For its first fifteen years Emergency Measures focussed on military emergencies. This was reconfirmed in the period of increased tension following the Cuban Missile Crisis, when an order-in-council (P.C. 1963-993, 27 June 1963) transferred Emergency Measures Organization from the Privy Council Office to the Department of Defence Production. However, in June 1965 another order-in-council transferred it to the Department of Industry and emphasized the need to coordinate the federal response to peacetime disasters.
The early 1960s was a period of great civil defence activity. Warning attack systems and an emergency broadcast system were established.

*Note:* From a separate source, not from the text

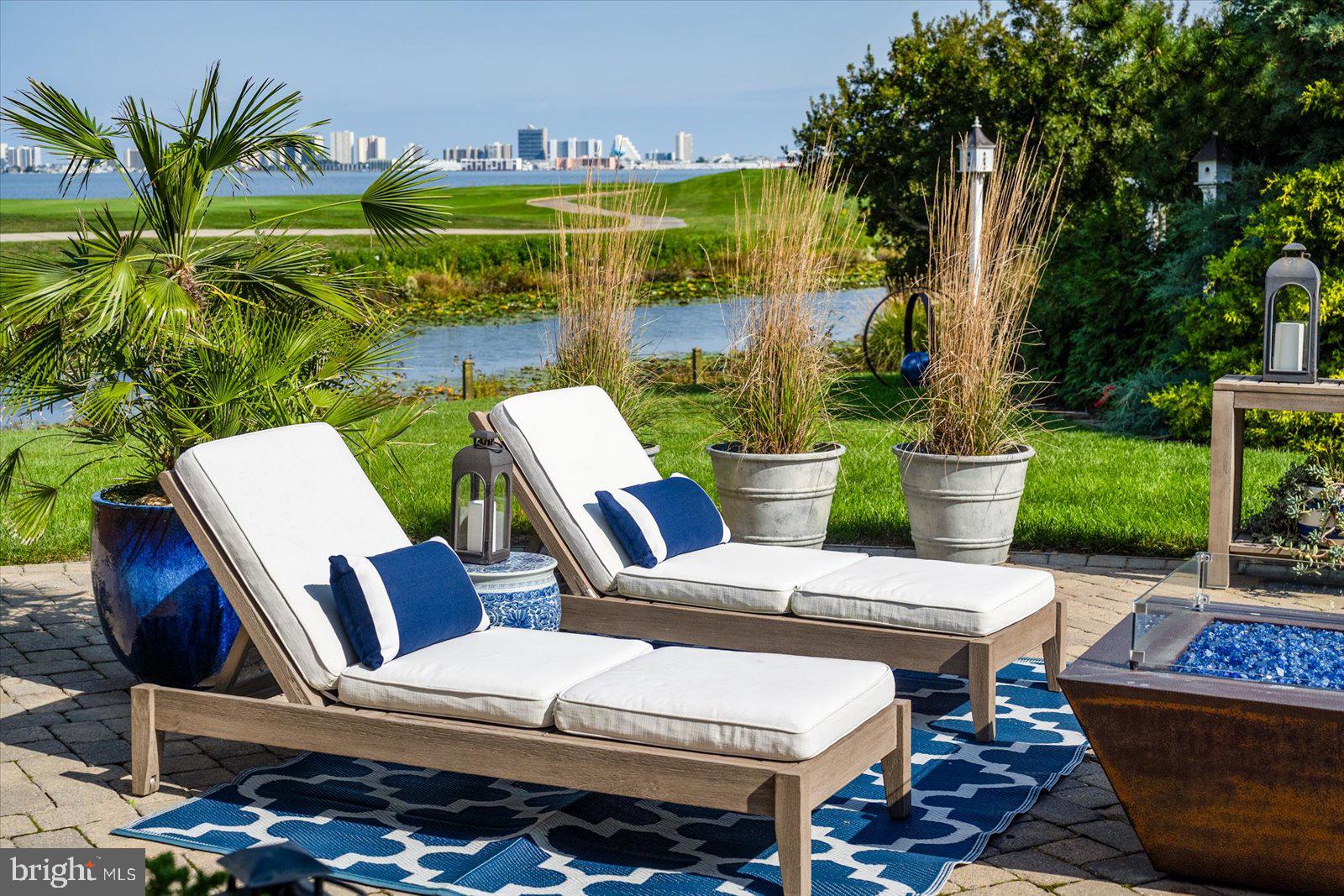 LIGHTHOUSE SOUND - Residential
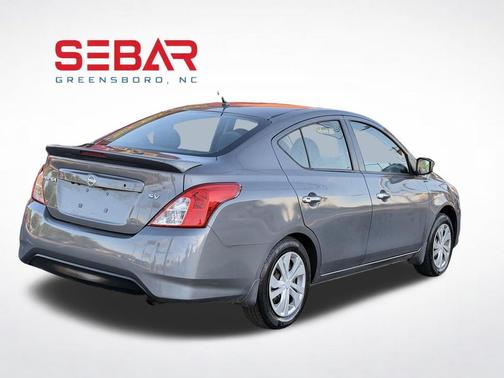Gun Metallic 2019 Nissan Versa 1.6 SV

Plans were prepared dealing with the evaluation and provision of emergency resources, such as medical supplies, manpower, communications and transportation. Surveys were undertaken to identify public buildings which could serve as fallout shelters and buildings were modified and stocked with supplies. A public information programme included publications on such subjects as basement fallout shelters. Six Regional Emergency Government Headquarters bunkers were constructed. Exercises Tocsin A and B tested the national civil defence system.
In 1968 Project Phoenix, an analysis of civil emergency measures, resulted in another transfer, this time to the Department of National Defence (P.C. 1968-1302 and 1968-1580). Yet another study, this one by Lieutenant General N.R. Dare, resulted in the Cabinet transferring emergency planning responsibilities to individual federal departments, under the coordination of the new Emergency Planning Secretariat at the Privy Council Office, on 18 October 1973. A civilian National Emergency Planning Establishment, known under the federal identity programme as Emergency Planning Canada, took shape in which the Emergency Planning Secretariat directed policy and administration was by the Department of National Defence. The 1981 Emergency Planning Order (P.C. 1981-1305) firmly established the primacy of peacetime emergencies.
The Emergency Preparedness Act (35-36-37 Eliz. II, ch. 11), of 27 April 1988, set up Emergency Preparedness Canada as an independent federal agency encouraging uniform national standards of emergency preparedness in training, promoting and enhancing public knowledge, and ensuring the continuance of constitutional government during emergencies. Emergency Preparedness Canada monitored preparations within each federal department and cooperated with provincial and foreign governments. This structure remained until February 1992 when the budget speech declared that organizational autonomy was not necessary for Emergency Planning Canada, which would be absorbed into the Department of National Defence. A 1995 amendment to the Act permits the present (2000) organization of an Emergency Preparedness Committee chaired by the Deputy Chief of the Defence Staff.
Today Emergency Preparedness Canada is headed by an Executive Director, to whom reports the Director General, Policy Planning and Readiness; the Director, Communications; the Director, Finance and Administration; the Director, Training and Education; the Senior Scientific Advisor; as well as the regional directors in each provincial capital.